The experimental validation of the proposed framework is conducted using the DCASE2023 task 7 dataset, encompassing a diverse set of audio categories. Two primary generative frameworks are employed: VAE & LDM, and VQ-VAE & Transformer. Evaluation metrics focus on both the quality and diversity of generated audio, leveraging objective measures such as Fre´chet Audio Distance (FAD) and Mean Squared Distance (MSD), alongside subjective assessments through Mean Opinion Score (MOS) evaluations.

Results and Discussion

The introduction of visual information unequivocally enhances the diversity of generated audio across various categories. This is particularly evident when comparing models that utilize prototype images versus those that average visual features, with the former consistently outperforming the latter in diversity metrics. The paper highlights several key findings:

  • Diversity Improvement: Substantial improvements in the diversity of generated audio, as evidenced by higher MSD values across most categories when visual cues are incorporated.
  • Quality Maintenance: The quality of audio generated with visual guidance remains on par with, if not superior to, audio generated purely from category labels. This is significant, as it demonstrates the feasibility of enriching audio diversity without compromising the overall quality of generated content.
  • Visual Information as a Control Mechanism: The use of more representative images not only enhances diversity but also provides a means to control the specifics of generated audio, underscoring the potential for customized audio generation.

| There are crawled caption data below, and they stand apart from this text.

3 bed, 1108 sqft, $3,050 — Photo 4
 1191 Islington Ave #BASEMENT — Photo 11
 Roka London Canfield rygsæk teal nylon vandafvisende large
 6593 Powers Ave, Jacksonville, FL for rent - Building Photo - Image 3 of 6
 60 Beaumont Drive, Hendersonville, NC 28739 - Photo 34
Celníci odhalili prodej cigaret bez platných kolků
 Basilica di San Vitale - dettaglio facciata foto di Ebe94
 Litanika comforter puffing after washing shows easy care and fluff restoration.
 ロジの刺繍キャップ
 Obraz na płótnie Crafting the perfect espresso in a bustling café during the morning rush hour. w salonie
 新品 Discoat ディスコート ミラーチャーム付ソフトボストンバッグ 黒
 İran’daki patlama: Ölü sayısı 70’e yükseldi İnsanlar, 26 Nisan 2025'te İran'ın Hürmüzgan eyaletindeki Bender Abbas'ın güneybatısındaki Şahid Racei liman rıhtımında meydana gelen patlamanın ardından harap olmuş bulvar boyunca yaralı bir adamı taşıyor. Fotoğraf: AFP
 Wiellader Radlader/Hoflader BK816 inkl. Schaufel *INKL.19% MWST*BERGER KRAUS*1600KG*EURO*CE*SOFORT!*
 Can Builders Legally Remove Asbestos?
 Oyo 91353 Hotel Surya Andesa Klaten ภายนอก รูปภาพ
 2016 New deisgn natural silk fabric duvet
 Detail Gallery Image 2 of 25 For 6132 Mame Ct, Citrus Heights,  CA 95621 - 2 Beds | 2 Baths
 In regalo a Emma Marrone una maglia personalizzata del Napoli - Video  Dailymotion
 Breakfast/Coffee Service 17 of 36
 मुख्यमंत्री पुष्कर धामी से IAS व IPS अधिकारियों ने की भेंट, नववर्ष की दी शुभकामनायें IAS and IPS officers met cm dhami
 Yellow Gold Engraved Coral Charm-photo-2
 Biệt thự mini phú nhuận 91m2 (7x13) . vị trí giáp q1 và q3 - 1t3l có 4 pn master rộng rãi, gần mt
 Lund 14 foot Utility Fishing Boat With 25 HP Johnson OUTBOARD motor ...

Conclusion and Future Outlook

This paper presents a compelling case for the integration of visual information into the audio generation process to surmount limitations in diversity observed in current generative models. The proposed clustering-based framework adeptly leverages the complementary nature of audio and visual data to produce audio samples that are not only diverse but also of high quality. Future research directions might explore automated methods for image retrieval to scale this approach and further refine the use of visual data to control generation parameters, potentially leading to even more nuanced and tailored audio generation capabilities.